February 11, 2012

Shocking Facts About Abortion In America (And the Drop In Christians as a Percentage of the Population)

Instead of writing the next chapter of the book I’m working on, as I should be, I am playing We Rule and studying statistics and demographic data from various nations around the world. I’m not exactly sure how this began, but somehow or another, I ended up in databases and that started my research.

What I found was fascinating. Apparently, the per capita and absolute abortion rate in the United States has been dropping like a stone for the past 20 years. In fact, as recent as 2008 (the closest data I could find), total abortions in the United States fell to 1.2 million out of a population of 309 million. Compare that to 1.6 million abortions in 1990 on a population just shy of 249 million.  This according to Stephanie Simon at the Los Angeles Times.

In other words, in 1990, the abortion rate compared to the population base was 0.0064257. Twenty years later, it was 0.003883495. So even though overall abortions fell 25% in absolute numbers, relative to the population, the abortion rate has collapsed by almost 39.56%. That is, relative to the population rate, Americans are having almost 40% fewer abortions today than they were in 1990. Of these, 13% consist of the “morning after” pill which counts as an abortion even if the woman isn’t pregnant and is taking it as a precautionary measure. That means that the real abortion rate is even lower because common sense tells us that not 100% of the women who take RU486 are, in fact, pregnant.

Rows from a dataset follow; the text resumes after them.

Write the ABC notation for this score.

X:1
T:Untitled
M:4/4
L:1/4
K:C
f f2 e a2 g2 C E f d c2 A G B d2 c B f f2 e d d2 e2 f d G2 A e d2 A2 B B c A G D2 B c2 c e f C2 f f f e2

Who Are The Women Having These Abortions?

According to the Kaiser Foundation, 73% of abortions are performed on women 29 years or younger.

Freakonomics Books

Economists Stephen Dubner and Steven Levitt in their bestselling book Freakonomics posit that the dramatic decline in crime in the United States is due to the high abortion rate in the African American community because poverty and lack of educational achievement, which are disproportionately represented in the black population, are directly correlated with criminal conviction; when Roe v. Wade was handed down by the Supreme Court, the next generation from this block of society was effectively truncated, for lack of a better term, which explains the 1990-onward nosedive of violence. There are conspiracy theories based around the notion that abortion rights were a way to severely restrict the growth in the total African Americans in the United States over time, effectively keeping control in the hands of rich, white men.

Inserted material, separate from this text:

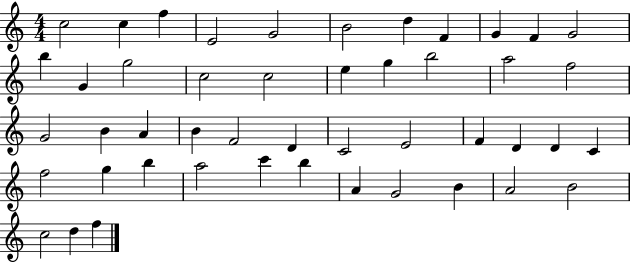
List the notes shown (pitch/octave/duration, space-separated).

C5/h C5/q F5/q E4/h G4/h B4/h D5/q F4/q G4/q F4/q G4/h B5/q G4/q G5/h C5/h C5/h E5/q G5/q B5/h A5/h F5/h G4/h B4/q A4/q B4/q F4/h D4/q C4/h E4/h F4/q D4/q D4/q C4/q F5/h G5/q B5/q A5/h C6/q B5/q A4/q G4/h B4/q A4/h B4/h C5/h D5/q F5/q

Even more shocking is the fact that despite being only 12.4% of the population, African Americans were responsible for 35% of abortions in 2006 (the most recent racial component breakdown I could find).

That means that the African American segment of the United States is aborting the next generation at a rate nearly 3x what their demographic distribution alone would suggest. There are numerous reasons, the likely culprits being the lower overall educational attainment (including sex education), access to health services, poverty, etc. that have plagued the minority establishment for generations.

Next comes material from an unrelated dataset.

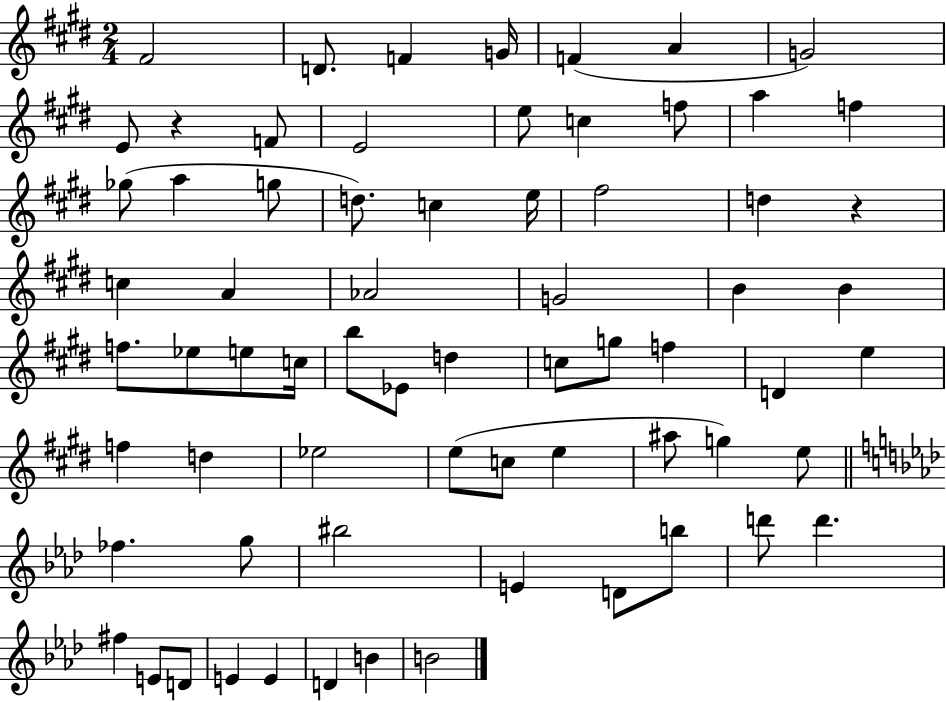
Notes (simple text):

The numbers are disproportionately high in areas with large poverty rates, such as Alabama, where African Americans had 56% of abortions, while making up 26% of the population (see source). This would make sense when you consider what I wrote about a few weeks ago, explaining that the Great Recession of 2007-2009 was an “unequal” recession with the unemployment rate for college graduates at only 5% but for African American men at nearly 30%. In other words, abortion is a symptom of societal demographics, not just a cause. It’s a two-way street.

This would explain why the African American segment of the United States is being eclipsed by Hispanics and other races. This has not been without tension; witness the rash of news stories, such as the CNN special a few years ago, which talk about the frustration among black leaders in regards to Hispanic immigrants achieving greater prosperity and education in one or two generations than the African American community has in two centuries.

The opposite side of the Janus coin also reveals itself: The white population in the United States represents 75% of people yet only 53.6% of abortions due, again, to higher educational attainment, greater household net worth, and other factors that are associated with better family planning and healthcare.

A Change In Socio-Economic Mores

A lot of what I am reading attributes the rapid change in the willingness to have an abortion to shifting socio-economic mores, which basically translates into the “morality” to which a society holds itself.

Why is that surprising? The Christian right claims that the country is going to hell. In fact, despite the population rising 30.1% between 1990 and today, people who call themselves “Christian” only increased 14.7% over the same period.

That means that the nation has grown more secular yet crime has decreased, abortions have decreased, and household purchasing power has increased in real terms over the past 20 years. This is one of the reasons I am baffled by the “take our country back” crowd.

Things have never been so good, despite all of our problems.

If you are interested in learning more about health statistics, check out the Kaiser Family Foundation.

Related posts:

  1. Surprising Facts About America’s Population
  2. Thoughts About the United States Population and the Population of the World
  3. Graphic: Teen Pregnancy and Abortion Rates Collapsed Over the Past 30+ Years
  4. Surprising But True: America Still Manufactures the Same Percentage of World Goods as It Did More than 21 Years Ago
  5. Educational Crisis In Black Male Population Resulting in Staggering 25% to 40% Unemployment Rate
  6. Understanding American Politics Through a United States Cartogram
  7. Going on Safari in the Animal Kingdom, North America’s Largest African Wildlife Preserve
  8. Standards of Living and Individual Freedom Sucked in Colonial America
  9. If the Death Penalty Is In the Constitution, then the Death Penalty Cannot Be Ruled Unconstitutional If You Are Intellectually Honest
  10. Which Supreme Court Justice Are You? (I’m Anthony Kennedy)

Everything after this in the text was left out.